→ **Your objective**: Leave every picture out, then reproduce the rest of the listing exactly.

START Recorded information

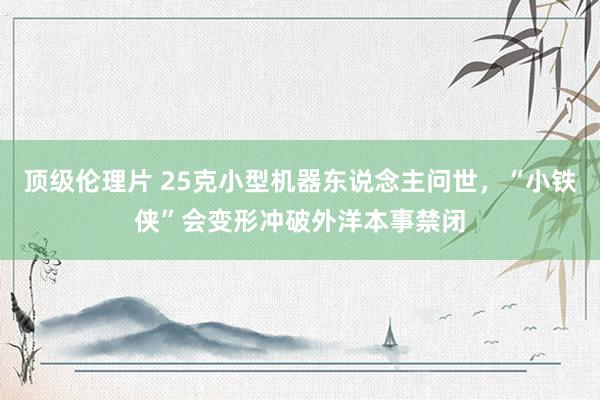 顶级伦理片 25克小型机器东说念主问世，“小铁侠”会变形冲破外洋本事禁闭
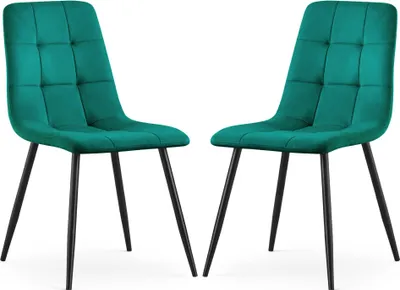 Immagine prodotto di Set di 2 Sedie in velluto trapuntate NERO Verde Bottiglia gambe nere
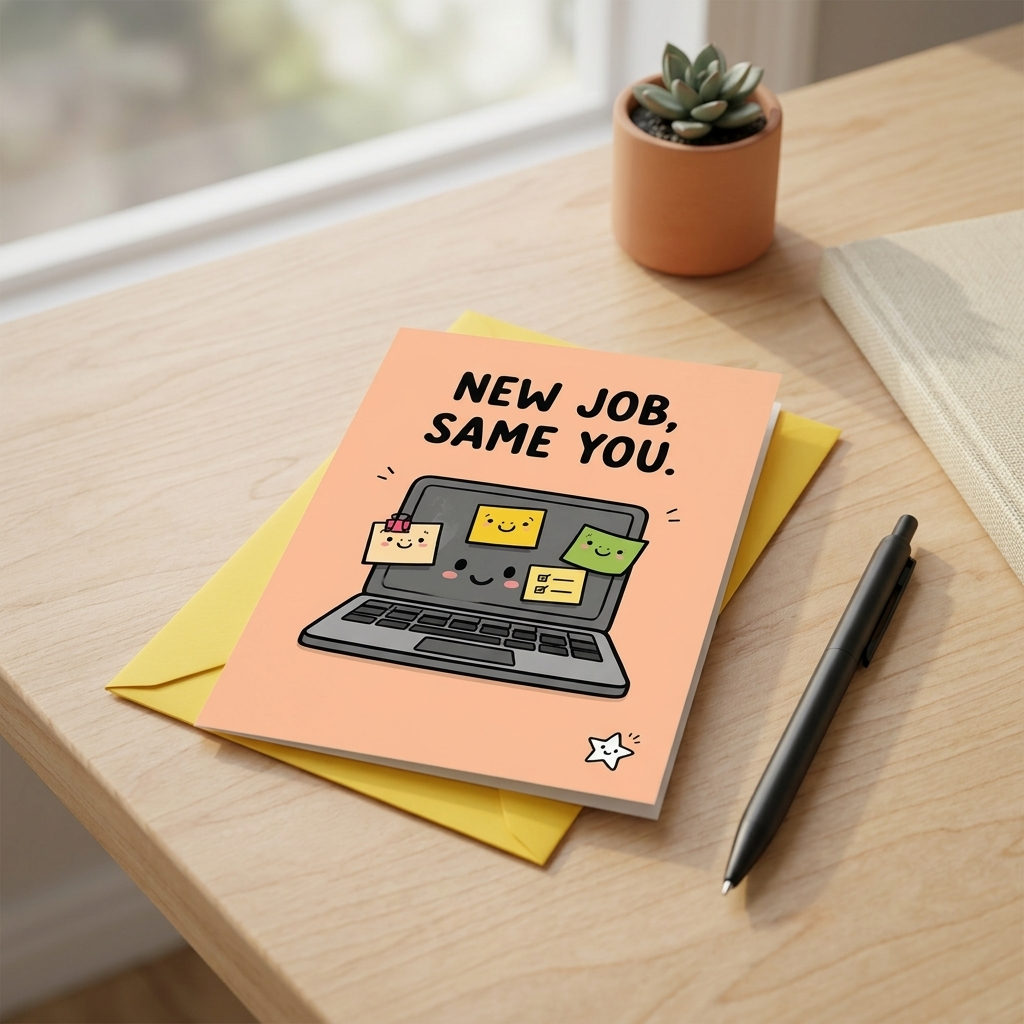 New Job Same You Good Luck Card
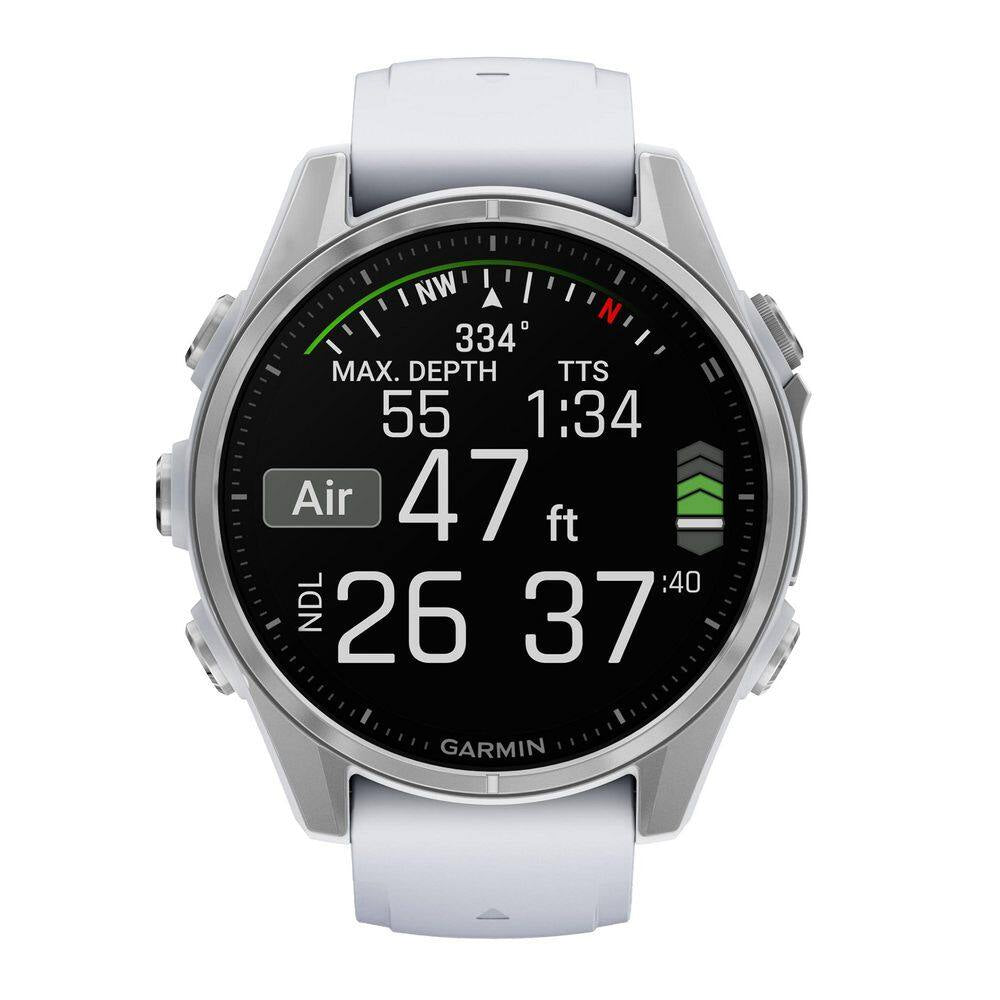 Fenix 8 AMOLED Multisport 43-Mm GPS Watch with Silicone Band 1.69 X .54 in Silver and Whitestone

END Recorded information

→ **Solved problem**:
 顶级伦理片 25克小型机器东说念主问世，“小铁侠”会变形冲破外洋本事禁闭
 Immagine prodotto di Set di 2 Sedie in velluto trapuntate NERO Verde Bottiglia gambe nere
 New Job Same You Good Luck Card
 Fenix 8 AMOLED Multisport 43-Mm GPS Watch with Silicone Band 1.69 X .54 in Silver and Whitestone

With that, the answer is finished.